Jumat, 20 November 2015

MENGINTIP ASAL-USUL KRETEK DI NUSANTARA

Oleh: Eka Sari Handayani
(Sumber gambar : nusantara.rmol.co)

Pengantar
Kretek. Namanya begitu melekat bagi masyakarat Nusantara.  Tak heran jika Hanusz bilang bahwa kretek itu tidak ada di AS, tidak ada di Eropa, atau negeri-negeri lain. Hanya ada di sini, khas Indonesia. Kretek bukan hanya sekadar rokok, ketika ia menemukan dimensi sosialnya maka kretek menjadi bagian dari sarana bersosialisasi  antar warga.  Nama kretek sendiri diambil dari bunyi kretek-kretek yang muncul dari racikan cengkeh dengan tembakau yang tersulut bara. Pembeda kretek dengan jenis sigaret yang lain adalah kandungan cengkeh dan unsur-unsur rempah alamiah lain didalamnya. Jika rokok putih hanya mengandung tembakau, kretek merupakan produk hasil racikan tembakau dengan cacahan cengkeh dan tambahan saus. Racikan khas Nusantara inilah yang membuat sigaret kretek memiliki rasa dan aroma yang berbeda dari yang lain.

Tembakau dan Cengkeh
Tembakau yang menjadi unsur inti dari sigaret sesungguhnya adalah bukan tanaman asli (indigenous) Nusantara. Tetapi, tembakau merupakan tanaman asli dari San Salvador, Kepulauan Bahama, Amerika yang ditemukan oleh Christoper Colombus dan rombongan Navidadnya ketika tiba setelah berlayar dari Palos, Spanyol. Disana, Colombus berjumpa dengan suku Lucayan yang memiliki tradisi ritus menikmati daun tembakau untuk dihisap. Pada perkembangannya tembakau kemudian mulai ditanam di Nusantara pada awal abad ke 17. Literatur mengungkap bahwa Portugis-lah yang membawa dan mengenalkan tembakau kemudian menurut Hanusz, Belanda yang telah melakukan penanaman secara besar-besaran di Jawa,Sumatera, Bali dan Lombok. Adapula menurut Vleeke, tembakau telah dibawa ke Asia oleh orang Spanyol melalui Filipina dan mulai diketahui oleh masyarakat Nusanatara abad ke 16.
Cengkeh merupakan jenis rempah favorit yang diburu dunia. Cengkeh pula yang yang telah mendatangkan kekayaan luar biasa bagi VOC dan Negara Belanda, setelah balatentaranya berhasil mengusir Portugis dari bumi Nusantara. Lain halnya tembakau, cengkeh menurut Nicolo Conti merupakan tanaman indigenous Nusantara (Banda). Pernyataan ini didukung oleh banyak ahli yang menyatakan cengkeh berasal dari pulau Ternate, Tidore, Roti, Makian, dan Bacan di Kepuauan Maluku. Terlebih pohon cengkeh tertua ditemukan di Pulau Ternate. Dalam keseharian masyarakat Maluku cengkeh menjadi bagian ritus tradisi. Orang Maluku biasa menanam pohon cengkeh untuk menandai kelahiran seorang anak dan merawat pohon itu dengan baik, layaknya merawat anaknya sendiri. Terdapat pertalian psikologis antara anak dan pohon cengkeh yang ditanam. Hingga abad 18, Maluku merupakan penghasil rempah terbesar di dunia.

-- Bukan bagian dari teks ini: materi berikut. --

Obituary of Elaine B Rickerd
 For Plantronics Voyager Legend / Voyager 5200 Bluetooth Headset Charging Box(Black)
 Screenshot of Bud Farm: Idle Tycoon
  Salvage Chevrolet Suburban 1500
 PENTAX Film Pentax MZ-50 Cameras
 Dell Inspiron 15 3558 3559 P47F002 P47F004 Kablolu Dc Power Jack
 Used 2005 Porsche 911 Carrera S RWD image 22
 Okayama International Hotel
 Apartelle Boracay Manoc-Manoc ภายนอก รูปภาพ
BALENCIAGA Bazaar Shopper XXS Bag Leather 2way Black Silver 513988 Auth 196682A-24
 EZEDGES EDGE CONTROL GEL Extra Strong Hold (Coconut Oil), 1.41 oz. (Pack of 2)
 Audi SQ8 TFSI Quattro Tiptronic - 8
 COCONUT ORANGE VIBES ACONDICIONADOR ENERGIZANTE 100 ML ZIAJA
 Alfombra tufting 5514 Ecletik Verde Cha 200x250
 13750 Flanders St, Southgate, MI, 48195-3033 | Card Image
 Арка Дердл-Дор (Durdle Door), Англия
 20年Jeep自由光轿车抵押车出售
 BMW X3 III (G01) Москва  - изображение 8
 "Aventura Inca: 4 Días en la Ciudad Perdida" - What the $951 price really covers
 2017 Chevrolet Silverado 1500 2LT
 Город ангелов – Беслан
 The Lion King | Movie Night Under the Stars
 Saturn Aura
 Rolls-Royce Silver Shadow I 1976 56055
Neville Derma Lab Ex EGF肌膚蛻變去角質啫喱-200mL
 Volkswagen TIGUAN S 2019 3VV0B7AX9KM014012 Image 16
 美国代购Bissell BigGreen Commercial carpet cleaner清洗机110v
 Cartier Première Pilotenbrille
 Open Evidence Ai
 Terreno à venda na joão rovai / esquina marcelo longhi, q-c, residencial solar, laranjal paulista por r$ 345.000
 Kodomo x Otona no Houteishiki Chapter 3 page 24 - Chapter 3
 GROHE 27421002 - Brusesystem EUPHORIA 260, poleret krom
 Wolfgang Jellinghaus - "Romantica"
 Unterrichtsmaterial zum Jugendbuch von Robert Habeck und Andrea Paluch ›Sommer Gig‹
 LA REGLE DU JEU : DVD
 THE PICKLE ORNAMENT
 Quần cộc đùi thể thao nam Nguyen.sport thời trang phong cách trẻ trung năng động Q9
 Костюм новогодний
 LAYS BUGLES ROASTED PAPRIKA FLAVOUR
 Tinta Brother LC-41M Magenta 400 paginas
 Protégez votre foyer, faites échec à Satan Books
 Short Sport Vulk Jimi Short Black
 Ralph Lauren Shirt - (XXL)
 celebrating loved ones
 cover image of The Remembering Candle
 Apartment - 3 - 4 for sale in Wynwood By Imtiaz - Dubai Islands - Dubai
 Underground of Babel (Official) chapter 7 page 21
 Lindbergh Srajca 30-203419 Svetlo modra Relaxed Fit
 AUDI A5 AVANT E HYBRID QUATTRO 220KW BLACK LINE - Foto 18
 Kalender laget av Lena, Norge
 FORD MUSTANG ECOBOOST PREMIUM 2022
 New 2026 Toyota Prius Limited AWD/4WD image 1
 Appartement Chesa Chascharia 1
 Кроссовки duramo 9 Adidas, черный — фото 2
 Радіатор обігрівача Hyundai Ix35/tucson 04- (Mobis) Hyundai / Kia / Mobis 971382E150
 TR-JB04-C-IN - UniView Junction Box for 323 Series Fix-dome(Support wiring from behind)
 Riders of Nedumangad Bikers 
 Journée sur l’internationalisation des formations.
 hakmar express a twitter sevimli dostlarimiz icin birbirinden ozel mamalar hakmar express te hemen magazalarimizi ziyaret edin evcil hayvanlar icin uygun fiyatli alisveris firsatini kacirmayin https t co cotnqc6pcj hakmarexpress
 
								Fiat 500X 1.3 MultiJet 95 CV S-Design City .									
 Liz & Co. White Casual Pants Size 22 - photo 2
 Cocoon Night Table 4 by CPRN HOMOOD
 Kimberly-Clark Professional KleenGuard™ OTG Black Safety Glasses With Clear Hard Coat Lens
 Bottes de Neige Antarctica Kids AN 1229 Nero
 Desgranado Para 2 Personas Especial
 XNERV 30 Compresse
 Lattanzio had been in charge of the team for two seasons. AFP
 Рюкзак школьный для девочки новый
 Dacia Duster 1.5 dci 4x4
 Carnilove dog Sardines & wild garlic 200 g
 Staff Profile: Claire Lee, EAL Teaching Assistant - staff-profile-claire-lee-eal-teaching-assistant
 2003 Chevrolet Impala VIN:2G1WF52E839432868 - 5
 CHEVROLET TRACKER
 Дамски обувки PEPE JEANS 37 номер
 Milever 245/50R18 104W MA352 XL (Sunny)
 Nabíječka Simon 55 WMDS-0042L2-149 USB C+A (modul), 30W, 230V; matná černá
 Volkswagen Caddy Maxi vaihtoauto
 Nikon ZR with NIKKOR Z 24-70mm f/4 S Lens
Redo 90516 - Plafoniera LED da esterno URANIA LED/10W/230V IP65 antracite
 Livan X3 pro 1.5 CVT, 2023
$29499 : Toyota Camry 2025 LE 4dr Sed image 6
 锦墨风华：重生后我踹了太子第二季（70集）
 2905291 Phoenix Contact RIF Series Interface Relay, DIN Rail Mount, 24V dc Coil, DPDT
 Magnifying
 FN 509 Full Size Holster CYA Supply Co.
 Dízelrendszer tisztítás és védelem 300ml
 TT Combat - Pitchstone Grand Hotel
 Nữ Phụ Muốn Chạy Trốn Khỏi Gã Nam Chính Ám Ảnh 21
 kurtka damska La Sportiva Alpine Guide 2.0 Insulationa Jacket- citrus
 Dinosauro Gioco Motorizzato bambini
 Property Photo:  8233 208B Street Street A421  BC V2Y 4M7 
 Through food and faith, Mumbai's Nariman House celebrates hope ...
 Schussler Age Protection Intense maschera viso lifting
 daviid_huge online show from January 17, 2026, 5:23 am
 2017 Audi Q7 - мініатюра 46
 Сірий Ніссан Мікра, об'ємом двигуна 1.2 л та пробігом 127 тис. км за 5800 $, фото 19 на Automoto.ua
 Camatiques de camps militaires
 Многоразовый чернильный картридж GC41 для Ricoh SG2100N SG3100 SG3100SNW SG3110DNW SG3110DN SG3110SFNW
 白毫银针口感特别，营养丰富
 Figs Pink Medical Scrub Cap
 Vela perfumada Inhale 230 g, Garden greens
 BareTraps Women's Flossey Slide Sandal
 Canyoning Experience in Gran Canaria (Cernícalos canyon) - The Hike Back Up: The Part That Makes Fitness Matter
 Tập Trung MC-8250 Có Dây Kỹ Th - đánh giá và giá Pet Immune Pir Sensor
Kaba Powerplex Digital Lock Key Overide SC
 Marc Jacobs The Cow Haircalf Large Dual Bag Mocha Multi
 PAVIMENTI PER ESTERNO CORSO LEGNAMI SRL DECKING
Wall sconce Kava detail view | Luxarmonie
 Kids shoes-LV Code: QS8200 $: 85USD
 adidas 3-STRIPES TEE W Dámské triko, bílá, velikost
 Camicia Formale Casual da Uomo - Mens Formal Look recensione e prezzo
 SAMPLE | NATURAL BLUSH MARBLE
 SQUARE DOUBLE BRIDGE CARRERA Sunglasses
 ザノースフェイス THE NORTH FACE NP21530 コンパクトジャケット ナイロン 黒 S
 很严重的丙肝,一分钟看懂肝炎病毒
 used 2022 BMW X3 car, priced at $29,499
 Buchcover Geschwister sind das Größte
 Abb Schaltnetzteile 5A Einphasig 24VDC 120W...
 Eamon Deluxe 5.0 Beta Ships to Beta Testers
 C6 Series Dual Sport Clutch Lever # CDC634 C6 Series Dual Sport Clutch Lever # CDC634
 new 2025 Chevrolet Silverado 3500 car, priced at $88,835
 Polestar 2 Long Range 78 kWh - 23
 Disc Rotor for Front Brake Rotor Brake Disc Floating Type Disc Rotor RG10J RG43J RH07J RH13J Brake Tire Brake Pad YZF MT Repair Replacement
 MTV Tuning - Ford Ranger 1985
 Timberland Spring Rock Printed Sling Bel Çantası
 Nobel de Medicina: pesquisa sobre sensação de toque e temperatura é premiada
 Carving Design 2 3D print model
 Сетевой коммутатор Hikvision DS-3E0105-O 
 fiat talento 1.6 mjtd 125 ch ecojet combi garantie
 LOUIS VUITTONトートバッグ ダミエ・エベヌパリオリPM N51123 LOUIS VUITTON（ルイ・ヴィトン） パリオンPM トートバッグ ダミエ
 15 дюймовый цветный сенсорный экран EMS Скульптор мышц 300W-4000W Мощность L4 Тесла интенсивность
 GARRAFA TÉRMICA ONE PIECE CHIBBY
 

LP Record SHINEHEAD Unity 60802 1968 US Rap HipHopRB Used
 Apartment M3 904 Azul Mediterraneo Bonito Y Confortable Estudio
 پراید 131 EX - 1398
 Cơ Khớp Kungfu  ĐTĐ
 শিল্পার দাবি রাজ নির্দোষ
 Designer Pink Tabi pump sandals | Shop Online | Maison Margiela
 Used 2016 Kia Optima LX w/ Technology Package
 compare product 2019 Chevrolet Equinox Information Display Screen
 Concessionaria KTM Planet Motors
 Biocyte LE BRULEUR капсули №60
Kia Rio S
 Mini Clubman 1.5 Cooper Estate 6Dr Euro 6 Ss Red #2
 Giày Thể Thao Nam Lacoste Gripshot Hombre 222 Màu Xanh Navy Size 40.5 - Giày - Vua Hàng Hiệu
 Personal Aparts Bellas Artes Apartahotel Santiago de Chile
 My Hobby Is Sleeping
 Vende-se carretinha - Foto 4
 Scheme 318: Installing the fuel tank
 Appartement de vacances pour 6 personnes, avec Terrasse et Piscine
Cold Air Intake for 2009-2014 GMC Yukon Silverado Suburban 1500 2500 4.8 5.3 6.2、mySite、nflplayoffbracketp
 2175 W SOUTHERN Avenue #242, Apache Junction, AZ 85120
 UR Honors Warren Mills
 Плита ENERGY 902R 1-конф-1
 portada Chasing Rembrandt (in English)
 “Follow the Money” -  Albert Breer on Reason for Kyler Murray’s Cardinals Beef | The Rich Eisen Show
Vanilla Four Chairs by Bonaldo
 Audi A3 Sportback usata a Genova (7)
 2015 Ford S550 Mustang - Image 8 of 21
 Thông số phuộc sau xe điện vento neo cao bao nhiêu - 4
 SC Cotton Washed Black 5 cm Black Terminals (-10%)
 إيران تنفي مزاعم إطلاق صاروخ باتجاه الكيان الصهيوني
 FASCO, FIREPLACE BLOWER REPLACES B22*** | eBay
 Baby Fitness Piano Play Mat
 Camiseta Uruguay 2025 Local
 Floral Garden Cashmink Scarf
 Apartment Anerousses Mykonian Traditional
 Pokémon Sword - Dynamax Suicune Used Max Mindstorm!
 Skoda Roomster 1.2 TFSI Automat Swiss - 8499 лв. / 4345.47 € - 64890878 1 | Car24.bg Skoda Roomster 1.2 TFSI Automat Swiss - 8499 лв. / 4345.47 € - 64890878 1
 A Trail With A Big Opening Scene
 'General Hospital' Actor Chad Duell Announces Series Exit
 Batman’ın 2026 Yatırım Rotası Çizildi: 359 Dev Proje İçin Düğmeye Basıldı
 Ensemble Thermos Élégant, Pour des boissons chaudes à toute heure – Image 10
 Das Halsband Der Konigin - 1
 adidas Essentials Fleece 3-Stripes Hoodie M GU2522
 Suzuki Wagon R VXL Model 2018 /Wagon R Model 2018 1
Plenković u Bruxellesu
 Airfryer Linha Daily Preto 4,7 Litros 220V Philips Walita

Kebiasaan Merokok Masyarakat Nusantara
Kebiasaan merokok mulanya diperkenalkan oleh Belanda dipopulerkan oleh lingkungan kerajaan, sebelum akhirnya menjadi bagian dari budaya masyarakat kebanyakan dan telah menjadi kebiasaan yang berakar kuat pada awal abad 19. Menurut Thomas Stamford Raffles dalam buku History of Java yang ia tulis, kebiasaan merokok masyarakat Nusantara khususnya Jawa sudah dimulai sejak tahun 1601. Sumber lain menyatakan dalam naskah Jawa Babad Ing Sangkala menyebut bahwa kemunculan tembakau diikuti kebiasaan merokok bersamaan dengan mangkatnya Panembahan Senopati antara tahun 1601-1602. Sedangkan menurut seorang sumber Eropa, tahun 1603 di Sumatera, penguasa Aceh telah menghisap tembakau. Pada tahun yang sama, keberadaan perokok suku Jawa mulai terlihat di Banten. Pada dua dasawarsa awal abad ke 17, di Eropa dan Asia beredar tulisan opini yang menyatakan manfaat tembakau bagi kesehatan seperti di Jepang, Inggris dan Cina. Belanda pun melihat tembakau sebagai komoditi yang menjanjikan di pasaran dunia .Disinilah sebagai titik awal Belanda melakukan upaya perkembangan budidaya tembakau  di Nusantara.
Beberapa catatan mengungkap bahwa Sultan Agung, Raja termasyur dari Mataram sangat pecandu rokok. Beberapa catatan mengenai kunjungan duta VOC ke Keraton Mataram tahun 1622 dan 1623 mencantumkan Sultan Agung rupanya adalah perokok kelas Berat. Menurut Dr. H. De Haen, duta VOC  tersebut, selama audiensi Sultan Agung terus merokok menggunakan pipa berlapis perak. Seorang  utusan VOC lain menuturkan, ia pernah melihat Sultan Agung sedang memeriksa latihan perang-perangan sambil merokok didampingi seorang pembantunya yang membawa upet (Tali api-api) yang dibawanya, begitu rokok Sultannya mati.
Pada masa itu kebiasaan merokok yang dibawa oleh kolonialis Belanda pada saat itu baru terbatas pada lingkungan keraton. Solichin Salam dalam buku Kudus dan Sejarah Rokok Kretek menyebutkan bahwa tahun 1624 para pembesar Jawa di Keraton Kertasura sudah gemar menghisap rokok dari tembakau. Sedangkan kebiasaan yang lazim dilakukan oleh rakyat jelata dalam menikmati tembakau masih berupa mengunyah sirih pinang.Paling tidak tahun 1627, rokok telah menjadi bagian keseharian hingga berabad-abad seterusnya. Hal ini diperkuat doleh J. W Winter yang menyebut bahwa seorang laki-laki Jawa menghabiskan sejumlah yang cukup besar hanya untuk mengonsumsi tembakau.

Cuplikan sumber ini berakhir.